It is just over a year since our Syrian people – men, women and children, young and old – burst into revolution against the world's most macabre regime. The fuse was lit by the arrest of 11-year old boys who had written on the wall of their run-down school in Dar'aa 'Down with the regime,' as they had seen the Tunisian and Egyptian people do in their televised revolutions. Mukhabarat men stormed the school – tipped off by their mole there – and took the children away. They beat them savagely and ripped out their tender nails. When their anguished fathers came to try to retrieve them, they were told by an Assad cousin in command there that the boys had been killed. He had happy news, though, he said: he would round up their mothers at once and his Allawite guards would rape them, to make them pregnant with far better sons!

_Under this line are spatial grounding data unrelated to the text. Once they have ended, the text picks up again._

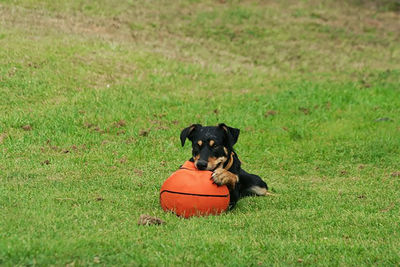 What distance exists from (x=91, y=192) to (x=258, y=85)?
13334mm

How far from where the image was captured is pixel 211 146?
9.22 metres

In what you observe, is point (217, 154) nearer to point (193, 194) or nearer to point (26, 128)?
point (193, 194)

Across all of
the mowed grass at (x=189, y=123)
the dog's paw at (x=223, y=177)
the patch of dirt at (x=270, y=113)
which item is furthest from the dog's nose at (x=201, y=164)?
the patch of dirt at (x=270, y=113)

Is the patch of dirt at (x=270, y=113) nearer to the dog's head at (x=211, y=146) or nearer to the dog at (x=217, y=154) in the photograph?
the dog at (x=217, y=154)

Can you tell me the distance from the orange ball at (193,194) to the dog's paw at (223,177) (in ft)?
0.25

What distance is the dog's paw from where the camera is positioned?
8.85m

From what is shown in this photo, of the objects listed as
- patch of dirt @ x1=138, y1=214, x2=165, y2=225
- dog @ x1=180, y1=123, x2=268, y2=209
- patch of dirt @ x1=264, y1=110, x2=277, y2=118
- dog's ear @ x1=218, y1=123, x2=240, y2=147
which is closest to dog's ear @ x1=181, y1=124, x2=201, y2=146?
dog @ x1=180, y1=123, x2=268, y2=209

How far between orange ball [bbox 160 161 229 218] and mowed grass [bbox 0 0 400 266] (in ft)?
0.89

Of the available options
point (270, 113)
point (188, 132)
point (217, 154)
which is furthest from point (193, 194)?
point (270, 113)

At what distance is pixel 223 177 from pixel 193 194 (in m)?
0.53

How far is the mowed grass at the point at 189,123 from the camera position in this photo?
729 centimetres

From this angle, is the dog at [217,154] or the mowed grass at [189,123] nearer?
the mowed grass at [189,123]

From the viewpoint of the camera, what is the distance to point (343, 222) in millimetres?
8734

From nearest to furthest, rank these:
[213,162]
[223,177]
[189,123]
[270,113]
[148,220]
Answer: [148,220], [223,177], [213,162], [189,123], [270,113] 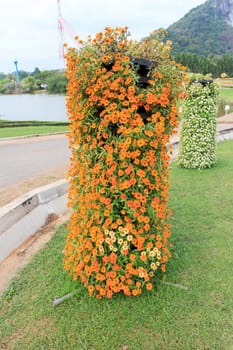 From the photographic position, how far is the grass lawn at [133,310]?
2043 mm

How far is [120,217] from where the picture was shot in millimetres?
2279

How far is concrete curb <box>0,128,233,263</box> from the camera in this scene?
3.30m

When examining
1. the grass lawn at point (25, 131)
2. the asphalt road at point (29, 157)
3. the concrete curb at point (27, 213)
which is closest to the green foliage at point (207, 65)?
the grass lawn at point (25, 131)

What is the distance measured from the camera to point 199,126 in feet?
19.3

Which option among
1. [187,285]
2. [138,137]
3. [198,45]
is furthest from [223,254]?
[198,45]

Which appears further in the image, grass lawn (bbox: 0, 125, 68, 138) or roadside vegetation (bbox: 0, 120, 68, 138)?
roadside vegetation (bbox: 0, 120, 68, 138)

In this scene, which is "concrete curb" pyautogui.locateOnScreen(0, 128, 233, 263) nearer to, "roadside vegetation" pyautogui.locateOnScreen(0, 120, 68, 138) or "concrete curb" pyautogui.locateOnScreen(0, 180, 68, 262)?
"concrete curb" pyautogui.locateOnScreen(0, 180, 68, 262)

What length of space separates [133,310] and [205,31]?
90.1 metres

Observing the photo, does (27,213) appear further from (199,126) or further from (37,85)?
(37,85)

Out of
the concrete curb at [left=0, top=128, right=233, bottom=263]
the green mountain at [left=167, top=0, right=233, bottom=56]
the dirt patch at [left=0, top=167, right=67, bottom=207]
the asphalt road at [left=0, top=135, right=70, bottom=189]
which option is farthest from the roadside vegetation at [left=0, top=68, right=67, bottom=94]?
the concrete curb at [left=0, top=128, right=233, bottom=263]

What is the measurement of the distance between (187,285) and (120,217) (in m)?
0.84

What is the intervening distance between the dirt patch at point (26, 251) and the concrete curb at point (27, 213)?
2.1 inches

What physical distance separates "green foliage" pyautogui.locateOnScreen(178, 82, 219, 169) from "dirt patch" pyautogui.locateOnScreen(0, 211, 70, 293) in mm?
3024

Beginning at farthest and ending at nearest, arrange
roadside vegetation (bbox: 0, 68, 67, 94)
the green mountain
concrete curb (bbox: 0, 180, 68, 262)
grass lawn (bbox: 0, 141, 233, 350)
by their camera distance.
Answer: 1. the green mountain
2. roadside vegetation (bbox: 0, 68, 67, 94)
3. concrete curb (bbox: 0, 180, 68, 262)
4. grass lawn (bbox: 0, 141, 233, 350) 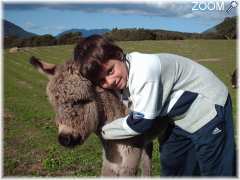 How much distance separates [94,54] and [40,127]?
4.49 m

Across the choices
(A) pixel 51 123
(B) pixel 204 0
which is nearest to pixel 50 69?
(B) pixel 204 0

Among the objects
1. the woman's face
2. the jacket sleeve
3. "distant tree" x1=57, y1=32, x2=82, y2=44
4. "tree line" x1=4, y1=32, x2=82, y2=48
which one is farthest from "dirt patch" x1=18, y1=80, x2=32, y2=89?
the woman's face

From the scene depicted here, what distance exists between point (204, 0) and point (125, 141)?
7.23 feet

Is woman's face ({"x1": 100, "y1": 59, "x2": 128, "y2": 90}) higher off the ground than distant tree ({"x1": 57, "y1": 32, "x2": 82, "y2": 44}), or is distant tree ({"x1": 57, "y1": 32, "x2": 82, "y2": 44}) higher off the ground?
distant tree ({"x1": 57, "y1": 32, "x2": 82, "y2": 44})

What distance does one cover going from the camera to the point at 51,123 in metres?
7.32

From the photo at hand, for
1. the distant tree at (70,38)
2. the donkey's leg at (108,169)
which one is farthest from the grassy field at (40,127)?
the donkey's leg at (108,169)

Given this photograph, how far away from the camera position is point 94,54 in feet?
9.16

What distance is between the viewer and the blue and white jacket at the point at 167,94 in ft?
9.04

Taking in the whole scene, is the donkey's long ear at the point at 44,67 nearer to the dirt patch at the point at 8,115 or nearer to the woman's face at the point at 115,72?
the woman's face at the point at 115,72

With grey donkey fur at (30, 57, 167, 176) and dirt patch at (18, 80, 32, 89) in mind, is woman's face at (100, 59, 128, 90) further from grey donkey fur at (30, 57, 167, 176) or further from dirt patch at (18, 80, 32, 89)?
dirt patch at (18, 80, 32, 89)

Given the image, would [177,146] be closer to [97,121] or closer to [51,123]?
[97,121]

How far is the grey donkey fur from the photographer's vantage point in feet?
9.78

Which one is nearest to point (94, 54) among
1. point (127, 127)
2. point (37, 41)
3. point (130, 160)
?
point (127, 127)

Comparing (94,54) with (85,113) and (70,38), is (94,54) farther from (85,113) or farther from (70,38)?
(70,38) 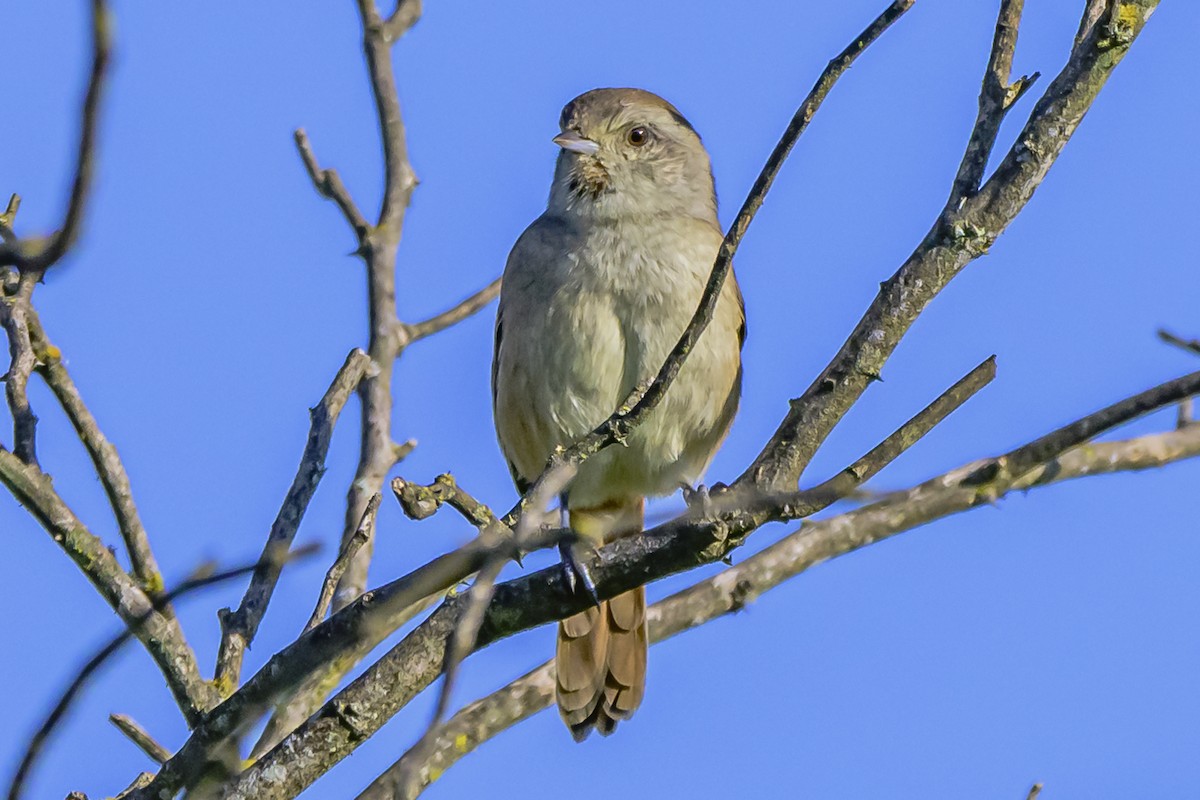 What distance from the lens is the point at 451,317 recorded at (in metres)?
5.54

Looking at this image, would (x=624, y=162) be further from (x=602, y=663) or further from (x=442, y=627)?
(x=442, y=627)

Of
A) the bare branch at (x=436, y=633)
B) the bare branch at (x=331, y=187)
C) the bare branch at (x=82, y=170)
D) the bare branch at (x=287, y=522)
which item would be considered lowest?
the bare branch at (x=82, y=170)

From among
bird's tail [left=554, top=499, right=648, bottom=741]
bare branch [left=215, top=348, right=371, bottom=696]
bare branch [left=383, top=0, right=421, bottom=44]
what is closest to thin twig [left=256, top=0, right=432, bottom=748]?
bare branch [left=383, top=0, right=421, bottom=44]

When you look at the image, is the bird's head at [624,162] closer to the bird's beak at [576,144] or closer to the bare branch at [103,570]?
the bird's beak at [576,144]

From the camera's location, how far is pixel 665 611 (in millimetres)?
5402

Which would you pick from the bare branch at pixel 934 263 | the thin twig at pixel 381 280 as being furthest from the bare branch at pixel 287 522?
the bare branch at pixel 934 263

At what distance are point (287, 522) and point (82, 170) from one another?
2.73m

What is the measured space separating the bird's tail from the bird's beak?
146 cm

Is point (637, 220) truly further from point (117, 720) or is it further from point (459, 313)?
point (117, 720)

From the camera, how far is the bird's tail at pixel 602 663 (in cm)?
561

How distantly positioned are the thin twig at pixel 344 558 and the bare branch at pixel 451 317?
1.70 metres

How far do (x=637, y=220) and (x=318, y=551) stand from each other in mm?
3572

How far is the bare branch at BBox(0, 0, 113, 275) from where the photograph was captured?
1515 mm

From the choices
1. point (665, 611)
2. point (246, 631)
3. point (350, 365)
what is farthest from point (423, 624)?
point (665, 611) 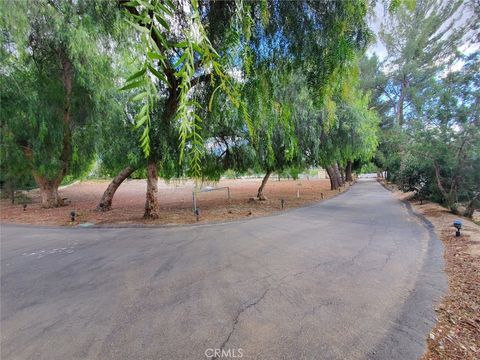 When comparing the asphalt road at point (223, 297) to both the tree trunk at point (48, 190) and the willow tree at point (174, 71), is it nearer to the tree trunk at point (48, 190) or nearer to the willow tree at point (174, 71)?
the willow tree at point (174, 71)

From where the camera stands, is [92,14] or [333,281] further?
[92,14]

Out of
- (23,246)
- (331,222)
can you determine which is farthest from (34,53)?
(331,222)

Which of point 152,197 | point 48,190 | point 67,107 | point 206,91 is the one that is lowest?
point 152,197

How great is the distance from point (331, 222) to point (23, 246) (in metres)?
9.35

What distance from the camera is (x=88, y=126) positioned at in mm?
10125

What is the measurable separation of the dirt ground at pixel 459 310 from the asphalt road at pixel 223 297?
0.12 meters

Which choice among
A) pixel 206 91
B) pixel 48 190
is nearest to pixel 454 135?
pixel 206 91

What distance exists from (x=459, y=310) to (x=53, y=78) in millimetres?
12758

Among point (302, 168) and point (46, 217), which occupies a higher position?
point (302, 168)

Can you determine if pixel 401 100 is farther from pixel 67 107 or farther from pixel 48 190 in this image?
pixel 48 190

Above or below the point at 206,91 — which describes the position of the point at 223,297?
below

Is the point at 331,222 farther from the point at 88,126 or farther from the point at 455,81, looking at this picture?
the point at 88,126

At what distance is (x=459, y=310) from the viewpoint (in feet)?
9.49

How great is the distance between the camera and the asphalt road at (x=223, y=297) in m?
2.36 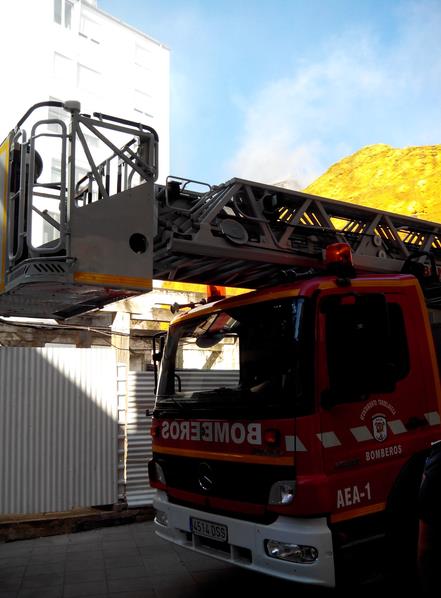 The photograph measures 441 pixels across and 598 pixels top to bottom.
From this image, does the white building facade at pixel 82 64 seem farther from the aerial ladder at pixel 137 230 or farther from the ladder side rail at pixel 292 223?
the ladder side rail at pixel 292 223

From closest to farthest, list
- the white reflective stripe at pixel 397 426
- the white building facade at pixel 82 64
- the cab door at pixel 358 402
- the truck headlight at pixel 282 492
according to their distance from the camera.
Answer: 1. the truck headlight at pixel 282 492
2. the cab door at pixel 358 402
3. the white reflective stripe at pixel 397 426
4. the white building facade at pixel 82 64

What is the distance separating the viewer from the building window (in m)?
40.3

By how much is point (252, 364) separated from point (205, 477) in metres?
0.92

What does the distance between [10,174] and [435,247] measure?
4760mm

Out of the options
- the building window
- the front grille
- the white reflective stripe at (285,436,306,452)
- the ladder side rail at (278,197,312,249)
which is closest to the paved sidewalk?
the front grille

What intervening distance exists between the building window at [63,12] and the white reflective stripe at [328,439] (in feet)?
145

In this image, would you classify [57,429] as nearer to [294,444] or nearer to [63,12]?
[294,444]

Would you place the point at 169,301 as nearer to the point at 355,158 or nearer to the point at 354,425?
the point at 354,425

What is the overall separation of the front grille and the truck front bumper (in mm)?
162

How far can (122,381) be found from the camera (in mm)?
7398

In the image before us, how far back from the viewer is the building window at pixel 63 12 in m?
40.3

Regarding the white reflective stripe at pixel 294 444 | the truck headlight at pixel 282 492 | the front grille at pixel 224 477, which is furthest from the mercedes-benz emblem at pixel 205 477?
the white reflective stripe at pixel 294 444

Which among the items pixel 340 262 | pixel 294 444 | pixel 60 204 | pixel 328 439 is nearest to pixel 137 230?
pixel 60 204

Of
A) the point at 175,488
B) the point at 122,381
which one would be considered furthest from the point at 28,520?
the point at 175,488
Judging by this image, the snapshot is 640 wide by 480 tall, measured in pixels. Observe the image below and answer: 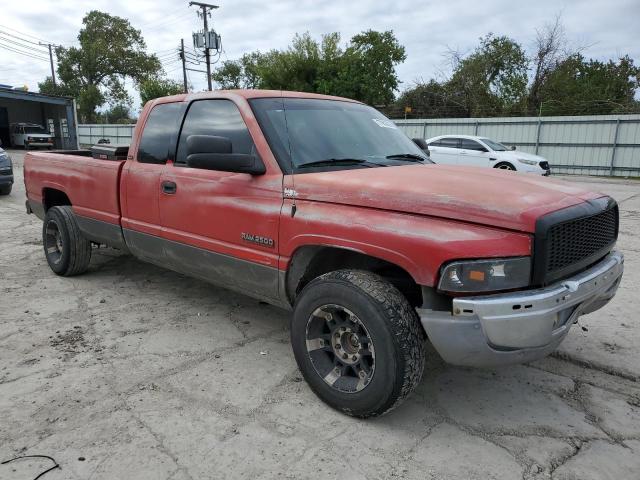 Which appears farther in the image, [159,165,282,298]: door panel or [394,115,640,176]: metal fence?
[394,115,640,176]: metal fence

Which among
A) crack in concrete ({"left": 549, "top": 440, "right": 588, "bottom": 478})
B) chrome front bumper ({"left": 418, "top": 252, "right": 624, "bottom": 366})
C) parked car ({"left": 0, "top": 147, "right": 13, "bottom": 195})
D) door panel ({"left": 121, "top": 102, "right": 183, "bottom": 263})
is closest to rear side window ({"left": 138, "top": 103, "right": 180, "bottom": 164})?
door panel ({"left": 121, "top": 102, "right": 183, "bottom": 263})

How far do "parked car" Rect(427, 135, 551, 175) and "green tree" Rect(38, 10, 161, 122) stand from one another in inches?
1948

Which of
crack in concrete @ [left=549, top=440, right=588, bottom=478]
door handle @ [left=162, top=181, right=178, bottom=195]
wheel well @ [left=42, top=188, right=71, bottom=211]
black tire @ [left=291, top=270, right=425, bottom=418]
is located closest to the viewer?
crack in concrete @ [left=549, top=440, right=588, bottom=478]

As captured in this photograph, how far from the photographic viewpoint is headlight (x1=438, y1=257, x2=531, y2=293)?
2.31m

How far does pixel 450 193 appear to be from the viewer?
Answer: 2514 mm

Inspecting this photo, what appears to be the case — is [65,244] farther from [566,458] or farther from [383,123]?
[566,458]

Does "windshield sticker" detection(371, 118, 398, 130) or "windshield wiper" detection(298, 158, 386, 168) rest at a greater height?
"windshield sticker" detection(371, 118, 398, 130)

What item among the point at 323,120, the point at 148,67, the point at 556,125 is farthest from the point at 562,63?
the point at 148,67

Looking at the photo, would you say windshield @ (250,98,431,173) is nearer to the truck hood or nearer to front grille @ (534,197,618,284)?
the truck hood

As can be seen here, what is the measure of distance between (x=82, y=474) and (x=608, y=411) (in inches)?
114

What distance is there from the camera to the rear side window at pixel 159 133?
160 inches

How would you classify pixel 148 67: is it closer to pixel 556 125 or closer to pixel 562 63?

Syrians had been humiliated, abused and mass murdered by the Assads for 42 years, but this proved a galvanising moment. They came out onto streets made ugly by this family mafia belonging to a sectarian hardcore of a tiny minority, armed with nothing but their dignity and natural desire for justice. They defied Russian-made bullets that Assad rained down on them; Iranian missiles; Hizballah snipers; as well as his own ruthlessly sectarian killing-machine, which murdered them in cold blood by the hundreds, then the thousands, then the tens of thousands. Their fields were burnt; their patient farm animals shot; their houses looted and shelled; their mosque minarets and church spires desecrated and destroyed. All basic services were cut off -- water, electricity, gas -- in outrageous communal punishment. Syrians found themselves besieged and starved in towns across their generous beautiful country. One image that is seared into my mind forever is this: two young men who sought to smuggle in a little baby formula and three tins of sardines to hungry Dar'aa, were shot in the head by Assad Shabbiha, who then photographed themselves on stolen iPhones, laughing and pointing at the blown-out brains splashed across their boots.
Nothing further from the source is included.